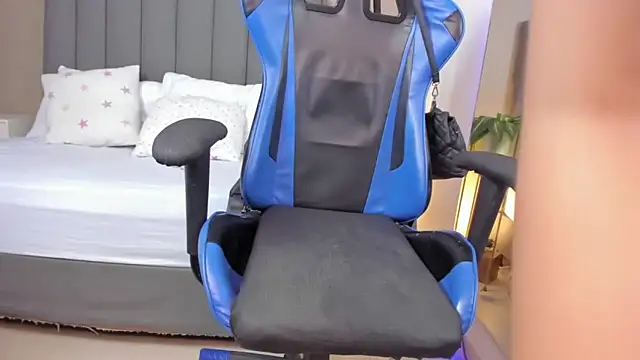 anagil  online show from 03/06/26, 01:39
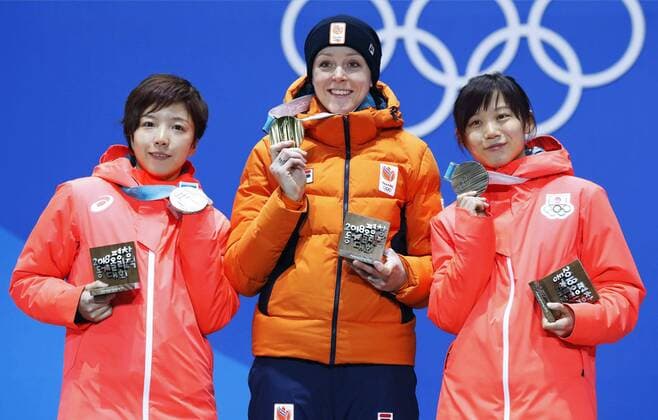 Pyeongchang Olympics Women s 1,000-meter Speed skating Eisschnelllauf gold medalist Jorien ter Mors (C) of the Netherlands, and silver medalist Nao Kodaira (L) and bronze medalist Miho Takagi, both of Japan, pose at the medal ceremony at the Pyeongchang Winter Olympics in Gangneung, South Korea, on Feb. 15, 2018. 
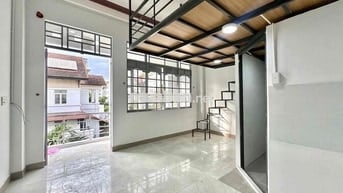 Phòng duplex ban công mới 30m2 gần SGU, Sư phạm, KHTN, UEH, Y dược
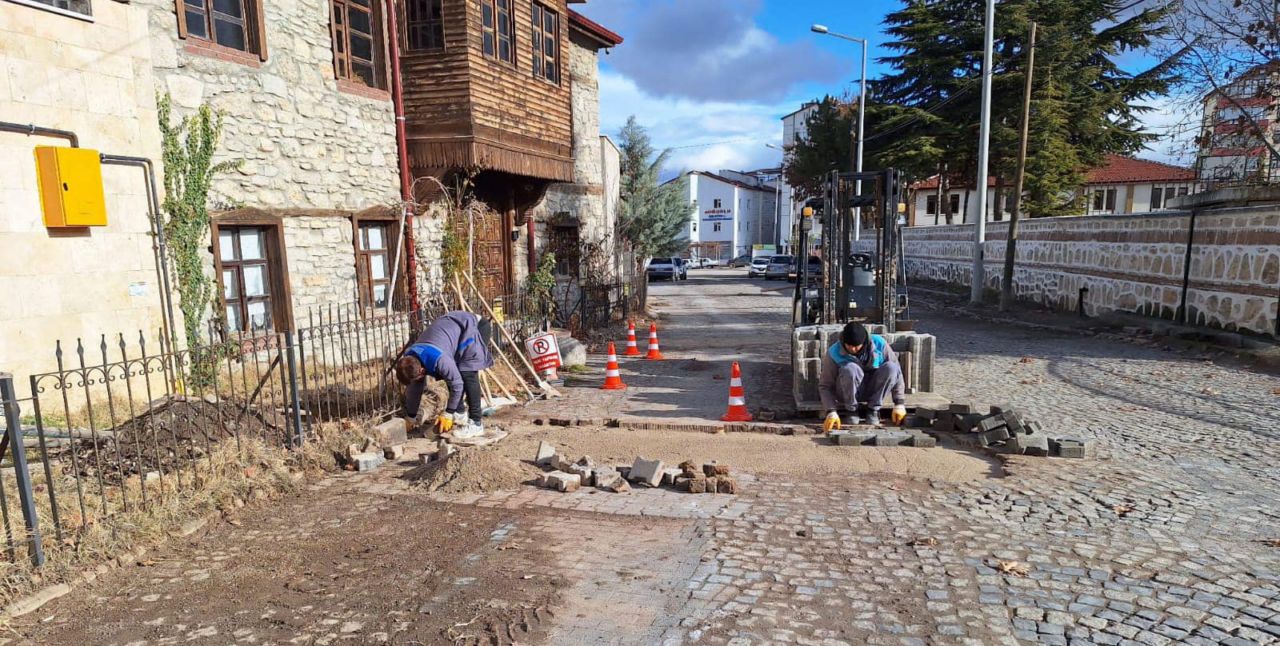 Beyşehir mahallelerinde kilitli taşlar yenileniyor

### Problem to work on:
Hand back the data exactly as it appears, with all pictures cut.

### Expected answer:
 anagil  online show from 03/06/26, 01:39
 Pyeongchang Olympics Women s 1,000-meter Speed skating Eisschnelllauf gold medalist Jorien ter Mors (C) of the Netherlands, and silver medalist Nao Kodaira (L) and bronze medalist Miho Takagi, both of Japan, pose at the medal ceremony at the Pyeongchang Winter Olympics in Gangneung, South Korea, on Feb. 15, 2018. 
 Phòng duplex ban công mới 30m2 gần SGU, Sư phạm, KHTN, UEH, Y dược
 Beyşehir mahallelerinde kilitli taşlar yenileniyor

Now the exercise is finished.